An example of setting each sanitizer type

public class SampleRecordedTest(ITestOutputHelper output, TestProxyFixture fixture) : RecordedCommandTestsBase(output, fixture) {

    // given a json path
    public override List<BodyKeySanitizer> BodyKeySanitizers => new()
    {
        new BodyKeySanitizer(new BodyKeySanitizerBody("$..id") // this input uses JSONPath syntax
        {
            // Regex = ".*" by default
            // GroupForReplace = null (replace entire match)
            Value = "Sanitized"
        }),
        // clear out latter half of a Body Key by targeting group
        // named groups are also supported
        new BodyKeySanitizer(new BodyKeySanitizerBody("$.attributes.recoveryLevel")
        {
            Regex = "Recoverable(.*)",
            GroupForReplace = "0",
            Value = ""
        })
    };

    public override List<BodyRegexSanitizer> BodyRegexSanitizers => new List<BodyRegexSanitizer>() {
        // should clear out kid hostnames of actual vault names appearing anywhere in any section
        // of the body
        new BodyRegexSanitizer(new BodyRegexSanitizerBody() {
          Regex = "(?=http://|https://)(?<host>[^/?\.]+)",
          GroupForReplace = "host",
        })
    };

    public override List<UriRegexSanitizer> UriRegexSanitizers => new()
    {
        new UriRegexSanitizer(new UriRegexSanitizerBody
        {
            Regex = "/subscriptions/(?<sub>[^/]+)/",
            GroupForReplace = "sub",
            Value = "00000000-0000-0000-0000-000000000000"
        })
    };

    public override List<HeaderRegexSanitizer> HeaderRegexSanitizers => new()
    {
        // named regex replace example.
        new HeaderRegexSanitizer(new HeaderRegexSanitizerBody("Authorization")
        {
            Regex = "Bearer (?<token>.+)",
            GroupForReplace = "token",
            Value = "Sanitized"
        })
    };

    public override List<GeneralRegexSanitizer> GeneralRegexSanitizers => new()
    {
        new GeneralRegexSanitizer(new GeneralRegexSanitizerBody
        {
            // notice escaped \ for \s regex character
            Regex = "tenantId\\s*:\\s*(?<tenant>[0-9a-fA-F-]{36})",
            GroupForReplace = "tenant",
            Value = "00000000-0000-0000-0000-000000000000"
        })
    };
    ...

Setting the matcher

public class SampleRecordedTest(ITestOutputHelper output, TestProxyFixture fixture) : RecordedCommandTestsBase(output, fixture) {
    public override CustomDefaultMatcher? TestMatcher { get; set; } = new CustomDefaultMatcher()
    {
        // By default, request and response bodies are compared during matching.
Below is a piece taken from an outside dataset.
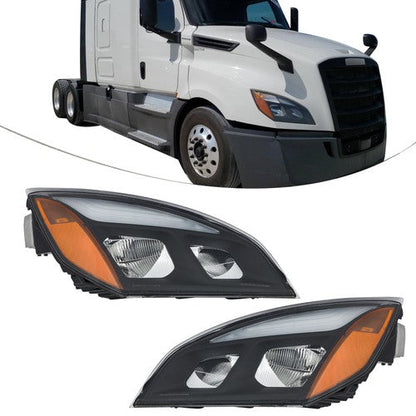 For Freightliner Cascadia Full LED Black Housing Headlights Headlamps 2018-2023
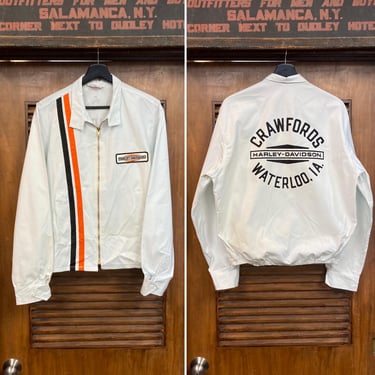 Vintage 1960’s “Champion” Harley Davidson Motorcycle MC Dealership Cotton Windbreaker Jacket, Deadstock, Original, 60’s Vintage Clothing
You can disable this by setting CompareBodies to false.
        CompareBodies = false,
        // By default query ordering is considered a different URI during matching. To ignore query ordering, set IgnoreQueryOrdering to true.
        IgnoreQueryOrdering = true,
        // During matching, excluded headers are totally excluded from matching. Both presence and value are not compared.
        ExcludedHeaders = "x-ms-request-id,x-ms-correlation-request-id,Date,Strict-Transport-Security,Transfer-Encoding,Content-Length",
        // Ignored headers are compared for presence only, not value. EG x-ms-client-request-id present on a recording, but not on incoming request will not cause a mismatch.
        IgnoredHeaders = "x-ms-client-request-id"
    };

Overriding matcher for specific recording

    [Fact]
    [CustomMatcher(compareBody: false)] // this test will ignore the body during matching operations
    public async Task Should_import_certificate()

Troubleshooting Tips

  • Proxy missing – Delete .proxy/ and re-run the tests; the harness re-downloads the latest release automatically.
  • Recordings missing – Use config locate to confirm where the sparse clone lives. Check timestamps under .assets/.
  • Playback mismatch – Add sanitizers for dynamic data, adjust the matcher to ignore irrelevant fields, or register a variable.
  • Need a clean slate – Run reset before re-recording to ensure the sparse clone matches the tagged state.